Mit diesen Einstellungen läuft die Simulation in einer normalen WinXP Umgebung.

bike


----------



## netmaster (25 Dezember 2010)

Also baut WinCC Flexible Runtime keine Verbindung zu PLCSIM auf?


----------



## Paule (25 Dezember 2010)

bike schrieb:


> Ich kann kein Projekt mit PLCSim und WinCC Flex 2007 simulieren.
> Ich verwende Step7 Prof 5.4 HF 4 mit Virtualbox.
> 
> Liegt der Fehler an BigS oder an der Virtualbox?


Hallo bike,
mittlerweile habe ich Flex 2008, aber auch mit 2007 konnte ich mit PLCSim meine Programme simulieren.
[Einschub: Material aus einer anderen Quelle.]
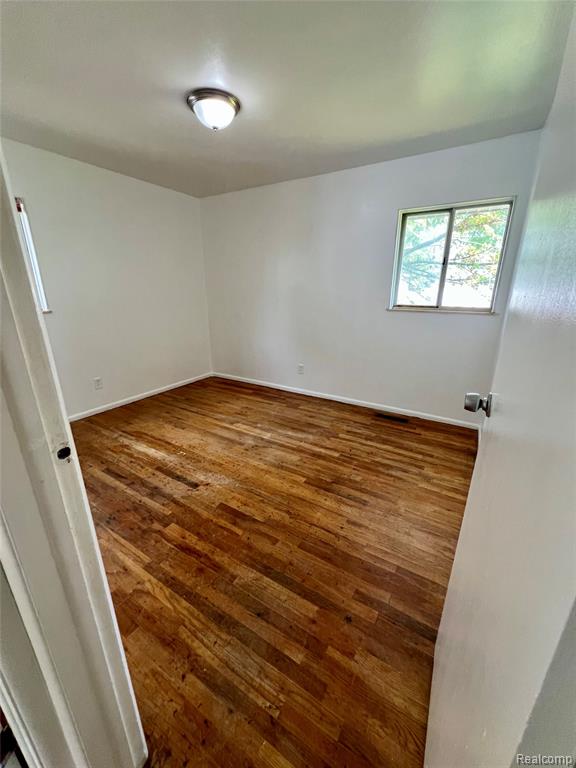 6410 Belltree Lane, Flint, MI 48504 — Photo 16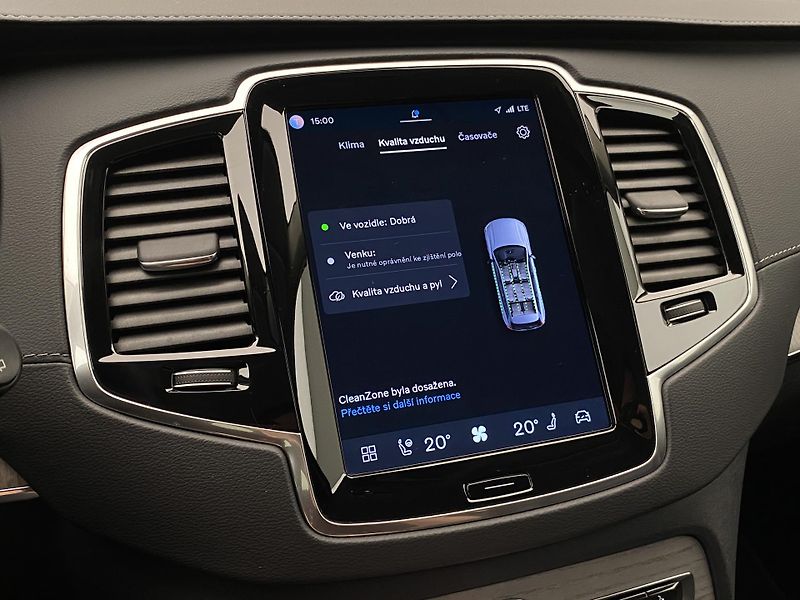 Volvo XC90 T8 AWD RECHARGE PLUS DARK CZ - fotka 46 z 73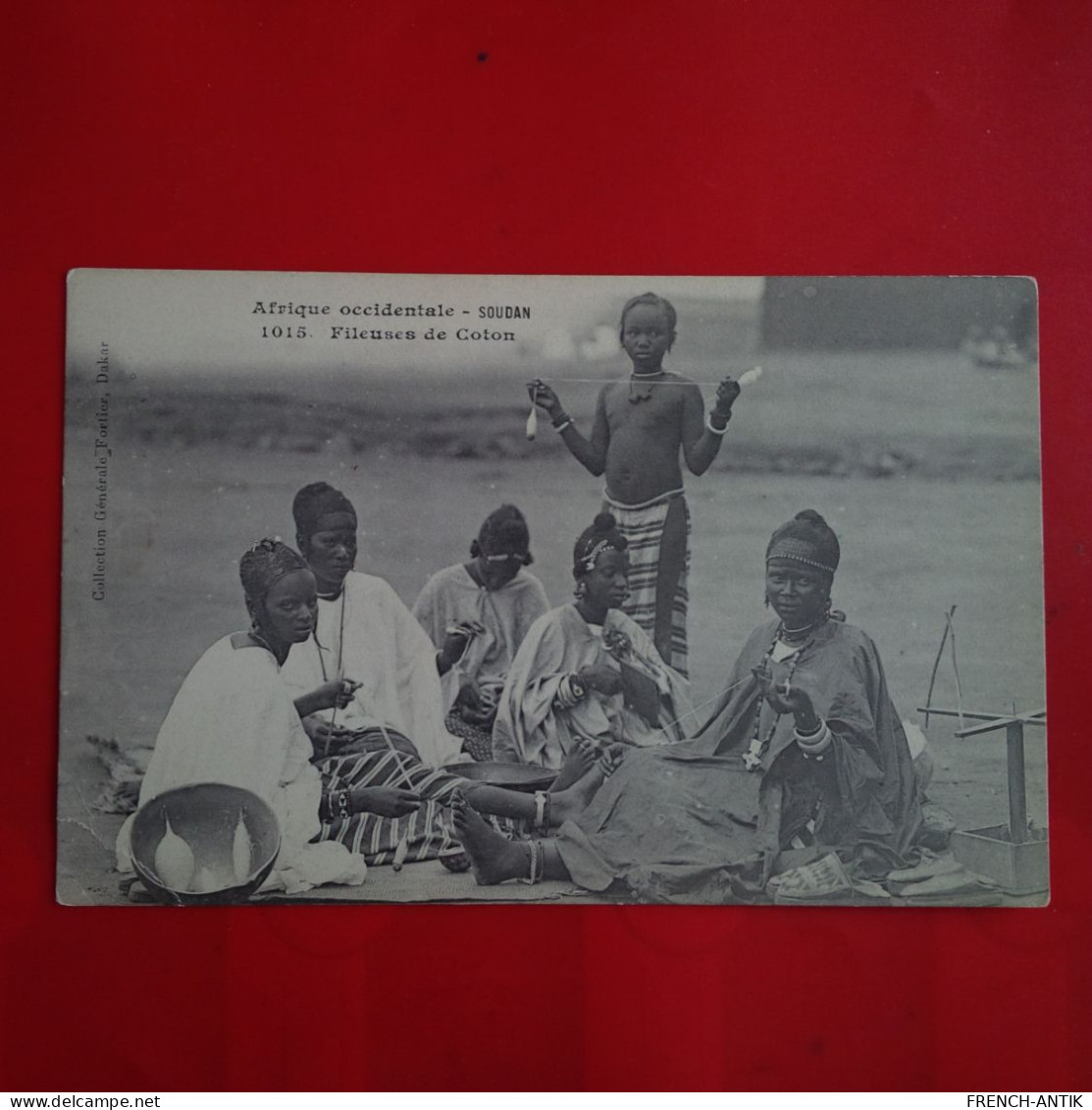 SOUDAN FILEUSES DE COTON - Sudan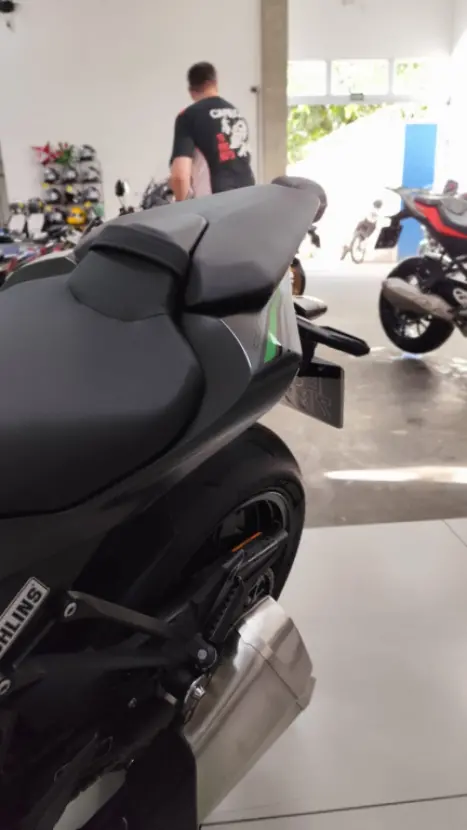 KAWASAKI Z 1000 R, Foto 10 KAWASAKI Z 1000 R, Foto 10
Da ich die Virtualbox nicht kenne aber weiß dass du eine Ahnung hast würde ich mal auf die Virtualbox tippen.


----------



## Thomas_v2.1 (25 Dezember 2010)

Für WinCCflexible ist wichtig dass bei PLCSIM die richtige PG/PC-Schnittstelle ausgewählt wird.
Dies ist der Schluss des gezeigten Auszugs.